I'm quite new to pyspark and not skilled python engineer trying to understand pandas UDF application for my case. I have developed ArimaX model, which for each "id" performs 4 outlook forecast (M1 till M4 ahead) while for each outlook 12 models are run (for last 12M takes previous 36M to predict 1 (or 2,3,4) months ahead and once done, RMSE is calculated over the 12 forecast made for of 4 models outlooks.
Core logic could be written as follows:
for id in id_list:
#filter df for id & do some calcs..
for outlook from range(0,4):
#prepare df for outlook range..
for per in per_range:
#perform modelling for all 12M periods; smt like a 1 per window movement
#calc rmse over 12M as prelim result & append forecast details in delta
In between I have various checks over relevancy of history, decision over exogenous variable, etc.
The problem is, that for one id the run of 4 forecast outlooks takes 1 min and I will have now 2000 ids to run, meaning ~30+ hour job run on cluster with single node.
Therefore, I would like to create pandas UDF to reduce the time and parallelize the job but I'm unsure how to handle the nested loops and that window movement in the most efficient manner.
I would appreciate any direction on what should be/is the best course of action so the solution is not an overkill for my set of skills (as well as time => business as usual). Maybe its a link to learning material I need to go thru first etc.

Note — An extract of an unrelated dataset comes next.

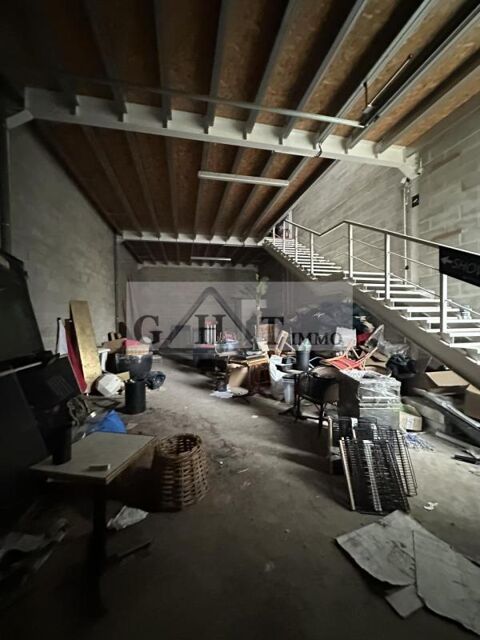 Local d'activit&eacute;s &agrave; Louer 198m2 Romainville 2360 93230 Romainville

Thank you very much in advance!
I tried search online and here couldn't find adequate example.
Edit: After some research and with a "push" of Chris (thank you) I found out that:
- to have a function with parameters, I need to use wrapping; e.g. How do I pass multiple arguments to a Pandas UDF in PySpark? . This confused me a lot as a newbiee and differs from "common" function having parameters entered
- is good to use more functions in series based on purpose.
I was not able figure out how to elegantly pass parameters to udf (like 1 value per 1 od) so I added those as df column on input; this is not nice and column repeats values, but is reachable inside the udf for me.